State superintendent backs "early warning system" for districts in financial trouble
Michigan's top education official says he supports legislation designed to prevent schools from getting into financial trouble.
State Superintendent Mike Flanagan released a report Thursday showing the number of districts with budget deficits has not improved in recent months. He says legislation in the state Senate that would create a so-called "early warning system" for districts would help address the problem. The bills would free up money in state loans and bonds for schools that show signs of budget problems.
Flanagan says the legislation is needed because schools in deficit also tend to fall behind academically.

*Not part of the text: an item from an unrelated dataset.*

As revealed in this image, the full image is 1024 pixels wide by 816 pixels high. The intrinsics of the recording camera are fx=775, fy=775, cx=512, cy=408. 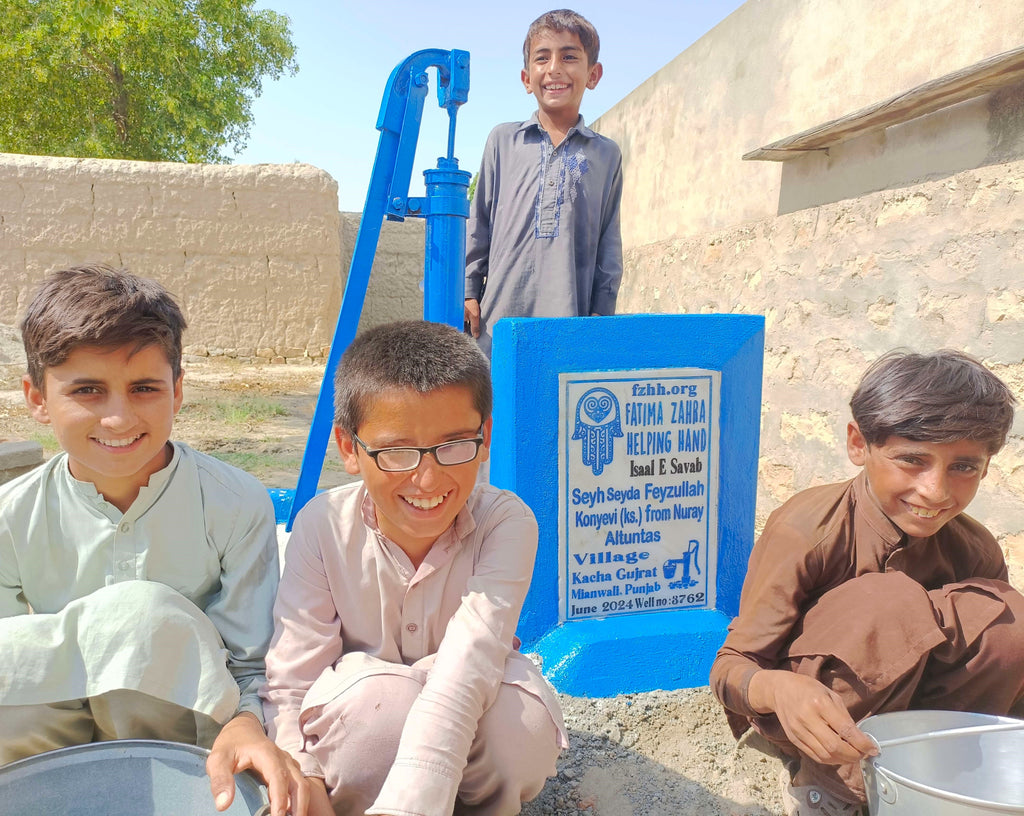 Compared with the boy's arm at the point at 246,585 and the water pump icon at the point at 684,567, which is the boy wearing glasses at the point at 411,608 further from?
the water pump icon at the point at 684,567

"There's great promise for it because it's certainly better than just waiting until it happens," he said.
But he also urged lawmakers to put more limits on the bills. He says hundreds of districts would be flagged the way the legislation is currently written.
"I think right now they have to reduce the number of factors so that you don't have 250 (districts) on call," said Flanagan. "You want a reasonable number that you're watching that are potentially deficit, not so many that you can't really do justice to it."
Some school groups also worry that the bills would make it too easy for the state to appoint an emergency manager to a district. But some supporters of the proposed system say that is necessary to make sure districts cooperate.
"Let's identify them early. Let's help them. And if districts are willing to blow through those red flags, well, then there's going to be consequences. And I think those consequences being out there will serve as a deterrent," said state Sen. Howard Walker, R-Traverse City, who is sponsoring some of the bills.
The legislation got a hearing at the state Capitol earlier this week. Lawmakers decided to hold off on a vote to send it to the full state Senate so they could resolve some of the school groups' concerns.
The state dissolved the Buena Vista and Inkster school districts last year after they ran out of money and were no longer able to operate.